Rijnlandse architectuur: hergebruik

06 nov.2006

Onderstaand een voorbeeld van iets waar het Rijnlandmodel een groot voorstander van is: het hergebruik. Beneden gaat het om het hergebruik van een bestaand gebouw, maar de redactie is ook zeer sterk voor het hergebruik van een ontwerp. waarom een architect een nieuw ontwerp laten maken, met, naar is gebleken, een grote kans op allerlei troep. Er is een bijna onuitputtelijk aanbod aan bestaande ontwerpen, waaruit gekozen kan worden, met in achtneming van de bestaande omgeving, iets waar architecten vrijwel altijd lak aan hebben.
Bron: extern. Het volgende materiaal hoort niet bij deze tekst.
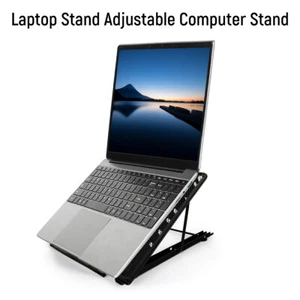 NEW Tablet Stand/holder Heightening Heat Dissipation Portable for Tablet/Laptop - Picture 1 of 5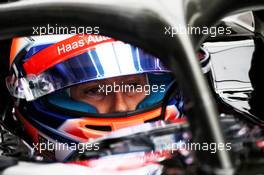 Romain Grosjean (FRA) Haas F1 Team VF-18. 09.11.2018. Formula 1 World Championship, Rd 20, Brazilian Grand Prix, Sao Paulo, Brazil, Practice Day.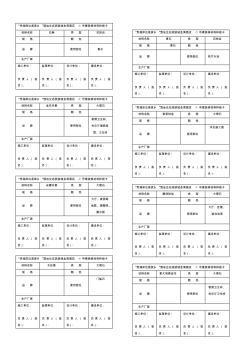 装修材料材料样板卡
Uit: i>De Volkskrant, 02-11-2006, door Hilde de Haan

De onbetwist meesters van het hergebruik

Van de Inktpot in Utrecht tot de Amsterdamse Vondelkerk – Joop en André van Stigt hebben veel bouwwerken van de sloophamer gered. Bijzonder daarbij: ze deden alles wat een architect meestal niet doet.
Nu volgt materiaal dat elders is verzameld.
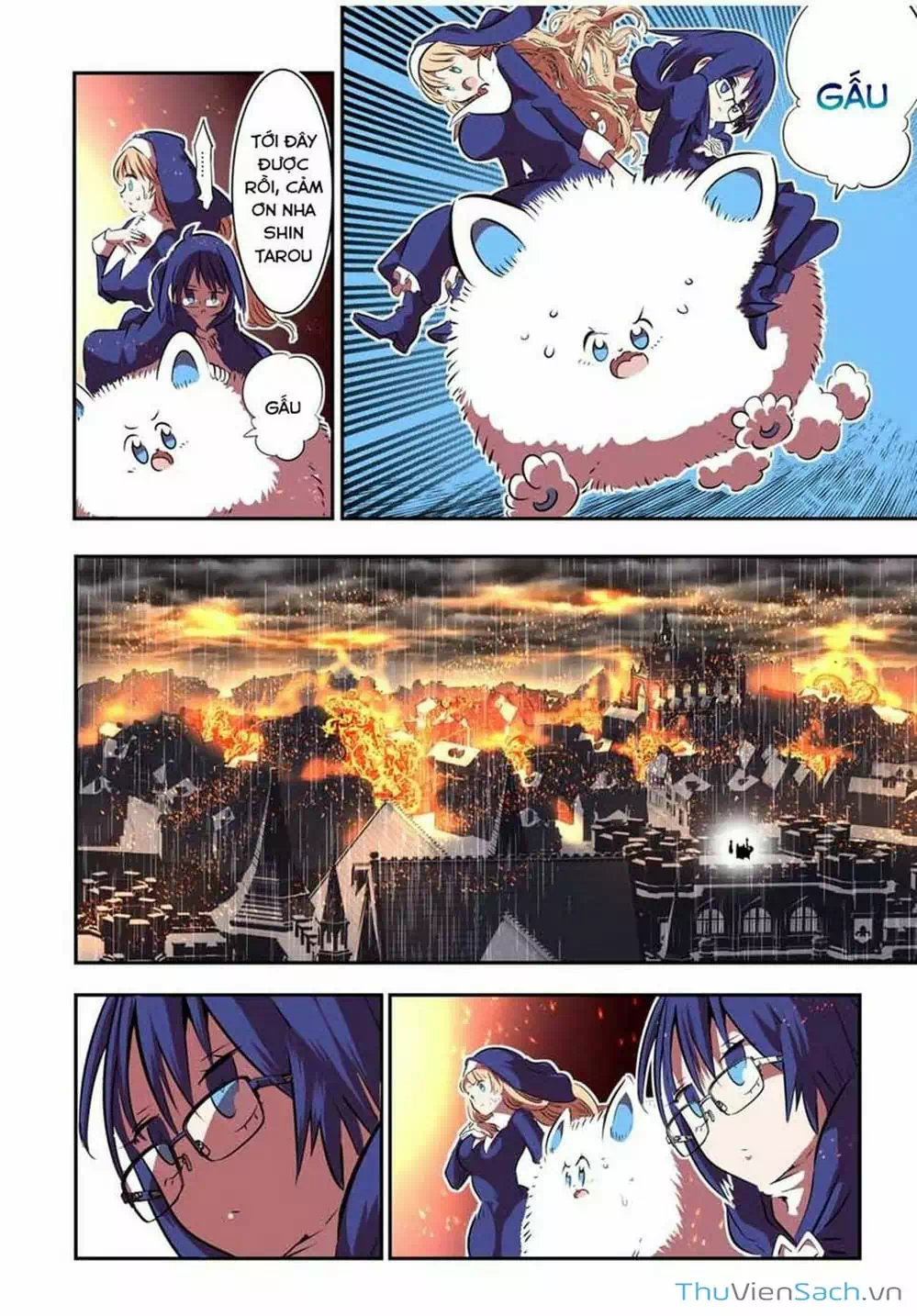 Truyện Tranh Chuyển Sinh Thành Thất Hoàng Tử trang 8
Fotobijschrift: Het voormalige koelpakhuis De Zwijger in Amsterdam.

Iedereen kent het: machteloos moeten toezien hoe een pront, karaktervol bouwwerk wordt gesloopt. Vaak zijn er eerst actievoerders die wel argumenten maar geen middelen hebben om het gebouw te redden. Het verpietert. Dan volgt sloop en is er jaren braak terrein en bouwgeweld. En wéér heeft een markant herkenningspunt met weidse uitstraling plaats gemaakt voor nieuwbouw die ‘rendabel’ heet, maar haast per definitie minder interessant is.
    Natuurlijk kan dat anders. En om te bewijzen dat dat anders moet, heeft Agora Europa (stichting voor democratie en cultuur) twee aanstekelijke boeken gemaakt. Allereerst een gids: een verleidelijk zakformaatje dat uitnodigt om langs zo’n vijftig geredde bouwwerken in Amsterdam te gaan en met eigen ogen te aanschouwen hoeveel moois er bijna was verdwenen als niet voor herbestemming was gevochten. ...
    Het kloeke Bouwmeesters met draagvlak vult daarop aan zoals een mooie maaltijd na een prikkelend voorgerecht. Het is een gedegen standaardwerk dat uitlegt hoe veelzijdige inspanning nodig is opdat een reddingsactie slaagt. ... En het behandelt alleen gebouwen waarbij het hergebruik vorstelijk is gelukt, namelijk 25 projecten van de architecten die op dit gebied onbetwiste meesters zijn: Joop en André van Stigt. Zij droegen er in Amsterdam toe bij dat in 1985 de Vondelkerk op het nippertje werd gered; zij transformeerden het al opgegeven Entrepotdok tot een stad op zich van zo’n 400 woningen en 100 bedrijfsruimten (en zetten en passant de herleving van de wijde omgeving in gang). Ook wisten ze het Olympisch Stadion van Jan Wils te sparen en begon het koelpakhuis De Zwijger een ander leven. In Utrecht gaven ze nieuw bestaansrecht aan de Inktpot (de majestueuze baksteenkolos die ooit hoofdkantoor van de NS was) en in Rotterdam namen ze het trotse Groothandelsgebouw onder handen.
    Het bijzondere is: ze deden daarbij alles wat een architect meestal niet doet. Zo halen zij rücksichtslos de haalbaarheidsstudies van deskundigen onderuit met eigen analyses en constructieonderzoek. ...
    Daardoor kan vader Joop tot pertinente uitspraken komen als: ‘Sloop is altijd duurder, als je de kosten van slopen, leegstand en bouwrijp maken meetelt. Alleen doordat al die kosten uit andere potjes komen, kan men doen of het goedkoper is.’ ...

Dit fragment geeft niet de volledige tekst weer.